# Positive Definiteness, Cholesky Decompositions, and Equation Solving

In today's lab, we will figure out how to test whether a matrix is positive definite, and if so, find its Cholesky decomposition. We will then compare equation solving using Cholesky to previous decompositions, like LU and QR.

## Pre-Lab

Go back to Labs 3 and 4, and review the row-reduction code we wrote there. Specifically, make sure you carefully review the `rowredpivot(A)` function you wrote for Lab 3's homework and the `LUSolve(L,U,P,v)` function from Lab 4's homework.

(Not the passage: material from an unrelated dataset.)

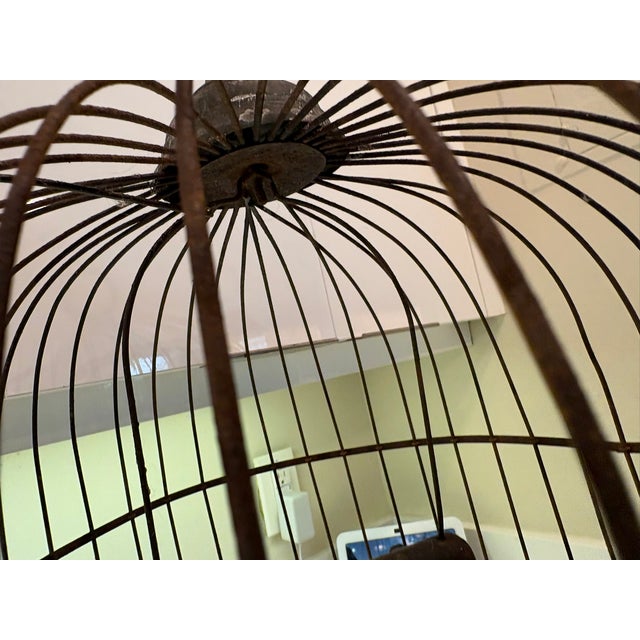 Wood Antique Distressed Iron Dome Birdcage Decor For Sale - Image 7 of 14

> ## Make a copy of this notebook (File menu -> Make a Copy...)

## Positive Definiteness

**Question 1** Write down what it means for a matrix to be positive definite.   

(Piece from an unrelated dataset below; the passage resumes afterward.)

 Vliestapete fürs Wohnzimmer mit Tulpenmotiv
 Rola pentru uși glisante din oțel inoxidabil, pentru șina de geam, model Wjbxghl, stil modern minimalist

A matrix x is considered positive definite if x^TAx > 0 for all nonzero real x.
There are 4 ways to test if it is positive definite. 
If it is positive definite, we can write a Cholesky Decomposition for it: A = LL^T (lower and upper triangular factorization)  
Similar to least squares with A*A^T *x = 0

If it is positive definite:  
      It has to be symmetric (A = A^T)

$$u\left(t\right)\ =e^{At}u_0\$$


**Question 2** The first thing you should have written down above is that the matrix needs to be *symmetric*. Write a function called `isSym(A)` that will returns `True` if $A$ is symmetric and `False` otherwise. Note that often, matrices generated other than by hand will have small differences, so instead of checking whether two matrices are equal using `np.array_equal(A,B)`, we want to check if they're very close using `np.allclose(A,B)`.

In [265]:
#make sure to check that is square, and then you can check for the transpose.
import numpy as np
from Qiureferencefunctions import rowaddmult,fwdsub,backsub,LU,LUSolve
def isSym(A):
    rows, cols = np.shape(A)
    if rows!=cols:
        return False
    return np.allclose(A,A.T)


**Question 3** You probably used a transpose in your code above. Is that always necessary? What kind of matrices can you say immediately aren't symmetric without taking a transpose? Add code to your function above that checks this before taking transponses.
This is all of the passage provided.